RECORDED INFORMATION
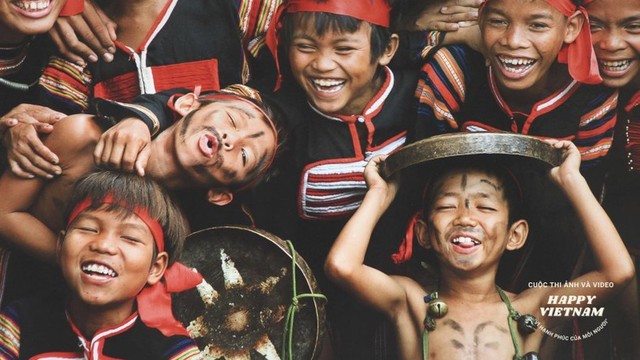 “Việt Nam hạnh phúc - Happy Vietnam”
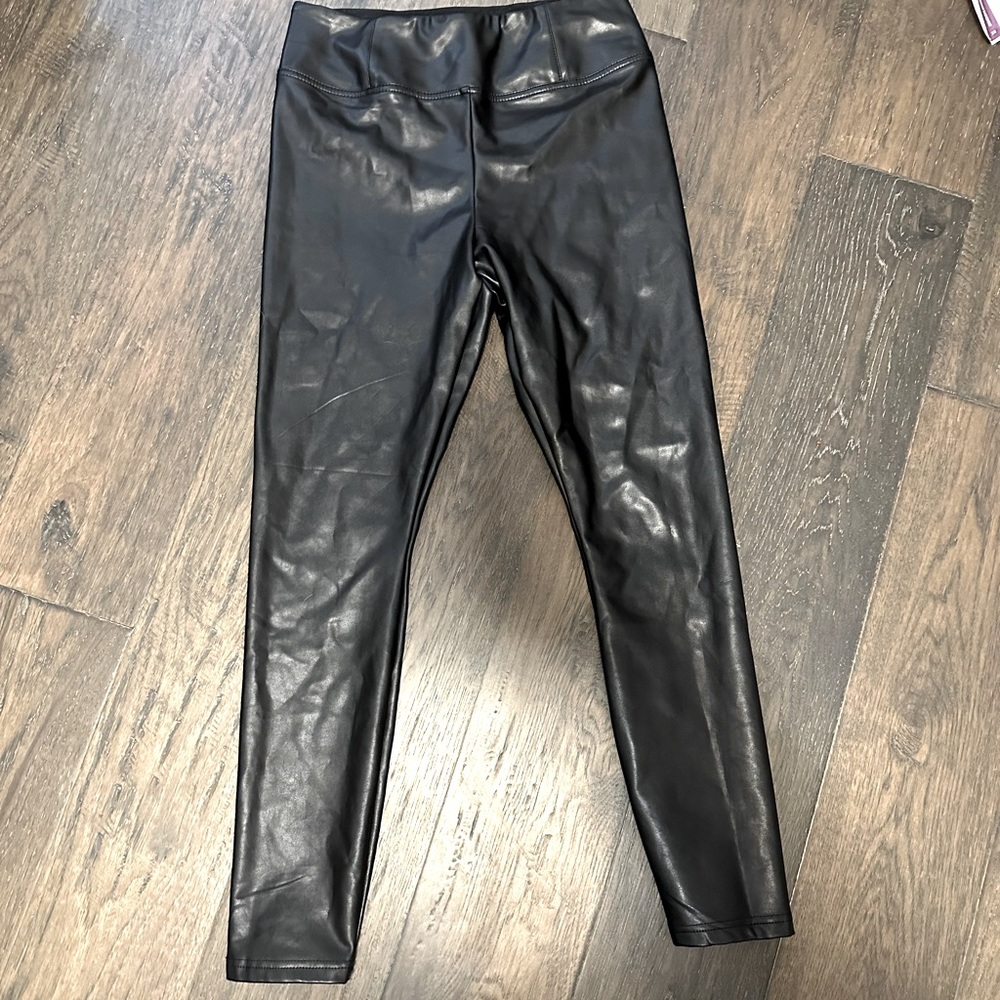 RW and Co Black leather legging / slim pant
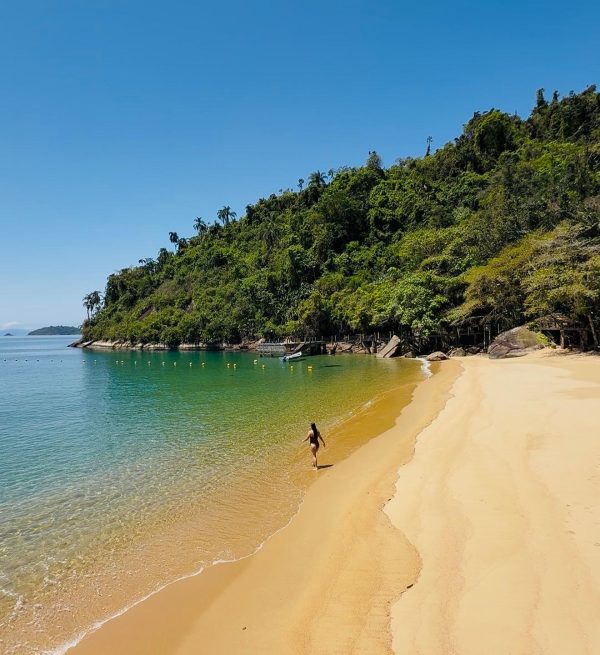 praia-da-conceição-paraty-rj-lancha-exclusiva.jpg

HOW TO COMPLETE THIS TASK
Output the listing unchanged, pictures excluded.

ANSWER SECTION
 “Việt Nam hạnh phúc - Happy Vietnam”
 RW and Co Black leather legging / slim pant
 praia-da-conceição-paraty-rj-lancha-exclusiva.jpg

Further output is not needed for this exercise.